Something I’ve picked up from my statistics supervisors, both of whom are Bayesians, is that “significance” is a bit arbitrary yet it’s treated as a revelation of some universal truth by those whose statistical training hasn’t been particularly thorough. A little bit of knowledge is dangerous, you might say, particularly among reviewers. While I’m not the biggest fan of hypothesis testing, there’s a right way and a wrong way to do it. The argument should be made that “this is the p value of the test under the hypothesis (and the model)” rather than just assuming that an effect is significant or not based on a point estimate of a probability measure.

What would I suggest in its place? Doing one’s regression in a Bayesian setting (the GLM is generally more flexible than ANOVA) and reporting the 95% credible interval.
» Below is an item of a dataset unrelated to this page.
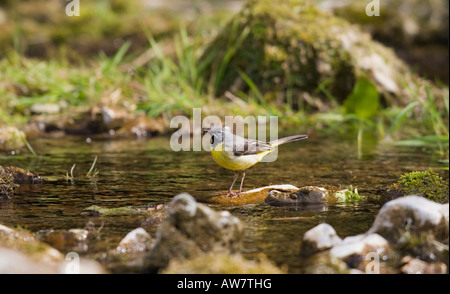 Graue Bachstelze mit Nahrungsmitteln entlang schnell fließenden Bach, UK, Frühling Stockfoto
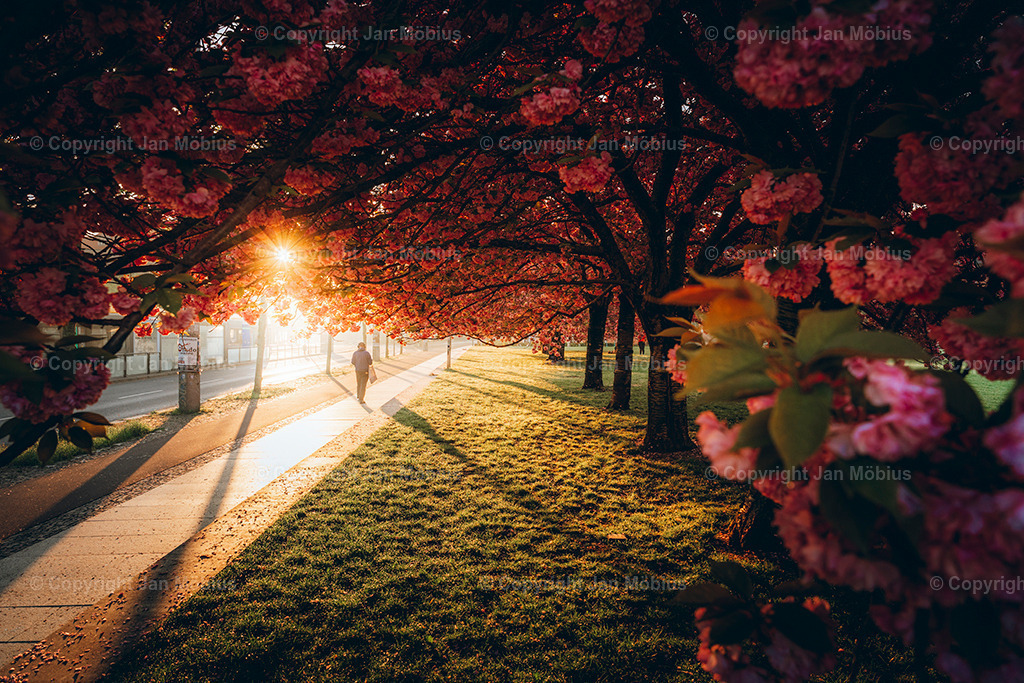 _DSC1714-2 | Leipzig Wandbilder Drucke Prints Leinwand Stadtmotive Leipzig Fotosdruck Kunstdrucke Bilder Leipzig Stadtansichten Acrylglasbilder Leipzig Wanddeko Fine Art Prints Wandbilder Büro Leipzig Bilder Praxis Zuhause Bilderdruck Poster Posterlounge Kunstdrucke - Realisiert mit Pictrs.com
The credible interval represents the distribution of values that a parameter may take and so a 95% credible interval corresponds to a belief that the value lies in that range. This is opposed to the confidence interval approach which says that infinite replication of the experiment would yield an effect size which lies in the confidence region 95% of the time. The Bayesian posterior represents one’s belief (objective, subjective, whatever) updated by the data by a model. It’s more useful to report the range of values that one believes a posteriori that the parameter of interest might take.

And this is the strength of the Bayesian paradigm. It is all about quantifying uncertainty rather than coming up with point estimates and stating wholesale whether a result is significant or not. Far better to state “this is what I think and this is how uncertain I am”.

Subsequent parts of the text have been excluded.